### Problem to solve
Produce an exact transcription of the data, with the images left out.

Collected material START

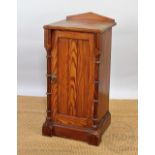 A Victorian pitch pine pot cupboard / bedside cabinet,
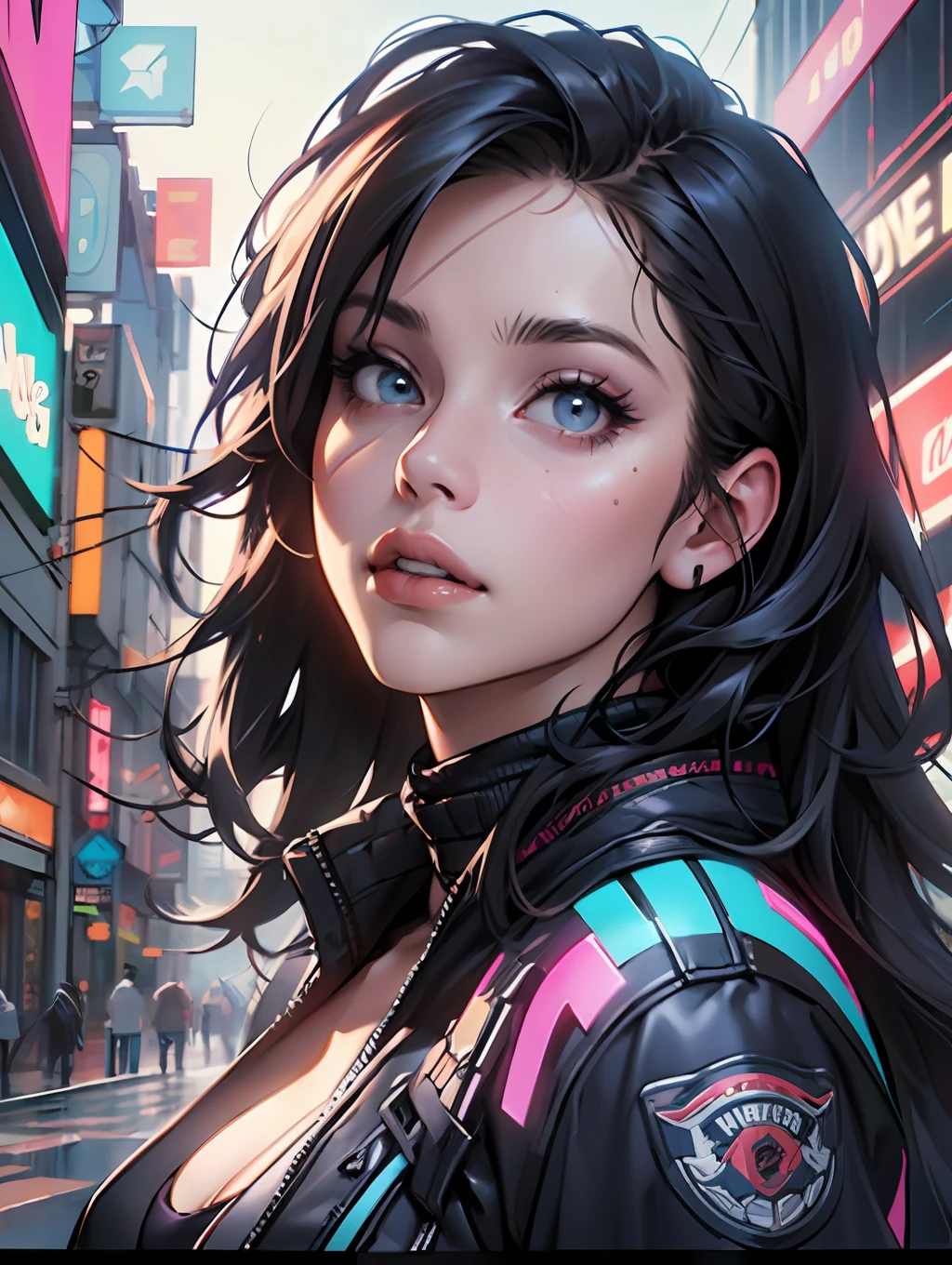 ((Close up Shot, GLITCH:1.25)),(Portrait of a CYBERPUNK LADY with Beautiful body and Black LONG hair), ((wearing INTRICATE JACKET)), {{looking up at viewer}}, Realistic :: (special effects) :: (CITYSCAPE in background), Cinematic color scheme art rendition, medibang, one head only, ad image, digital illustration, long exposure, studio lighting, UHD, cinematics, high detailed art, Models book cover, Fine linework, beautiful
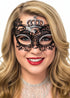 Crown Princess Black Metal Masquerade Mask with Diamantes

Collected material END

### Expected answer
 A Victorian pitch pine pot cupboard / bedside cabinet,
 ((Close up Shot, GLITCH:1.25)),(Portrait of a CYBERPUNK LADY with Beautiful body and Black LONG hair), ((wearing INTRICATE JACKET)), {{looking up at viewer}}, Realistic :: (special effects) :: (CITYSCAPE in background), Cinematic color scheme art rendition, medibang, one head only, ad image, digital illustration, long exposure, studio lighting, UHD, cinematics, high detailed art, Models book cover, Fine linework, beautiful
 Crown Princess Black Metal Masquerade Mask with Diamantes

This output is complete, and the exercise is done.